The National Institute for Trial Advocacy (NITA) is an American not-for-profit organization that provides lawyers with training in trial advocacy skills.

NITA's founding was brought about in 1971 by the Committee on Advocacy of the Section on Judicial Administration of the American Bar Association, which was trying to address a critical shortage of competent trial attorneys. A group of law professors and lawyers concluded that learning-by-doing trial training was the best approach towards filling this gap. NITA's inaugural National Session was held June 25 to July 21, 1972, at the University of Colorado Boulder.

NITA's National Sessions bring together participants from all across the country who are taught through a learning-by-doing approach how to better represent their clients in the courtroom.

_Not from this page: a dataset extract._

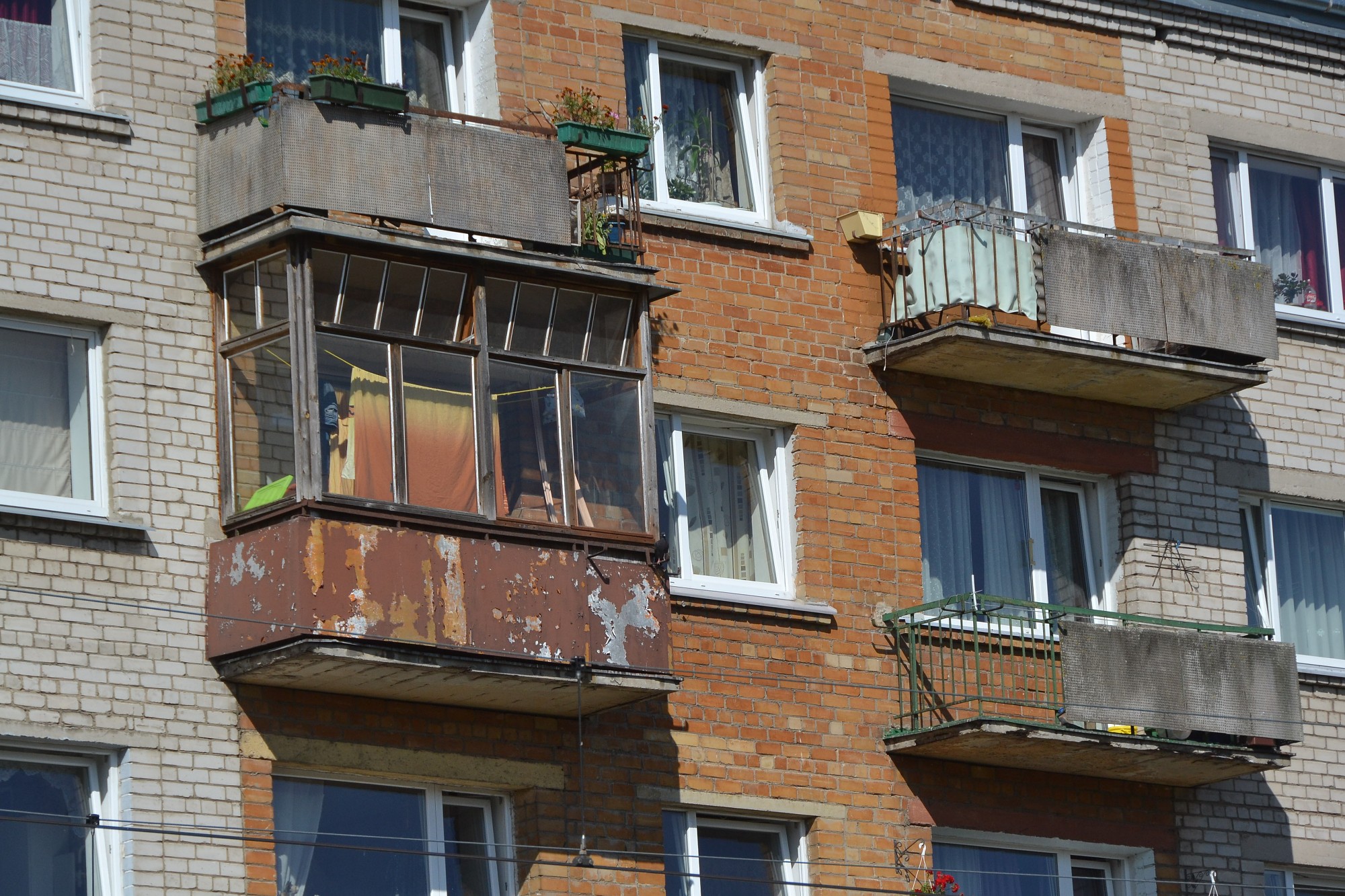 Liepājas pašvaldība izsolīs 66 vienistabas dzīvokļus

Prior to the COVID-19 pandemic of 2020-2021 that curtailed in-person meetings and activities for more than a year, the National Session had been held every year since 1972.

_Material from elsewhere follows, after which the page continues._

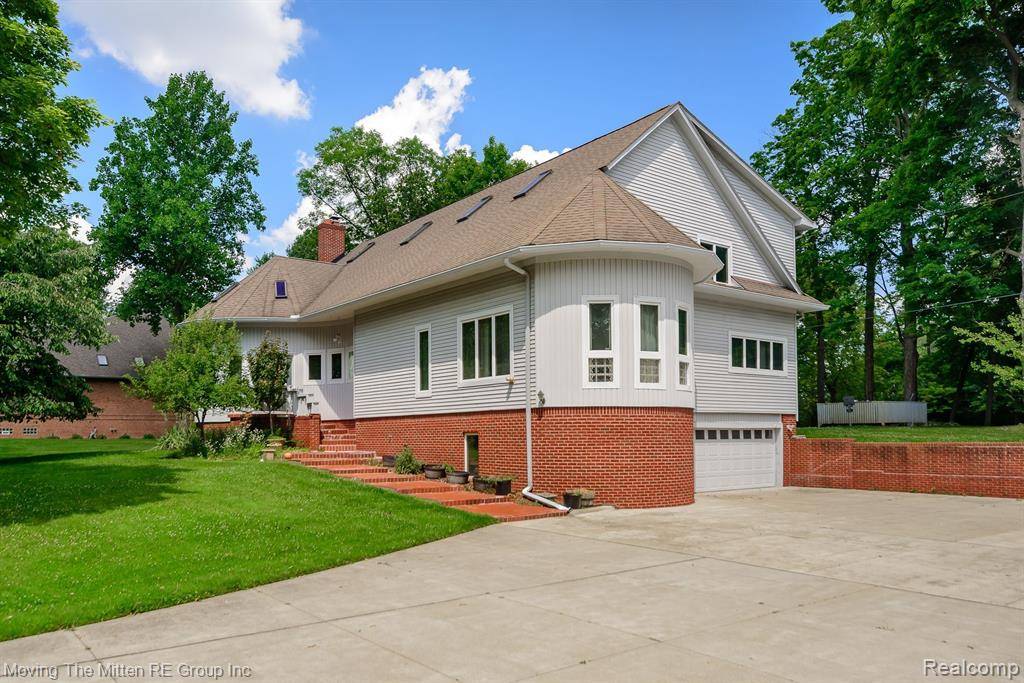 7181 MUERDALE, West Bloomfield, MI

In 1972, NITA started holding public service trial training sessions in a variety of specialties across the country as well as other skills courses, including deposition and courtroom technology skills.

During the 1990s and early 2000s, NITA was based in South Bend, Indiana. NITA returned to Colorado in 2003 when it opened its National Education Center (NEC) in Louisville, Colorado, and then moved its headquarters from South Bend into a building adjacent to the NEC in 2006. NITA finally came home to Boulder in October 2010 when it leased part of the former Exabyte headquarters building. After ten years in Boulder, NITA once again returned to Louisville in 2021, where the organization celebrated its 50th anniversary with a year of activities that marked this important milestone.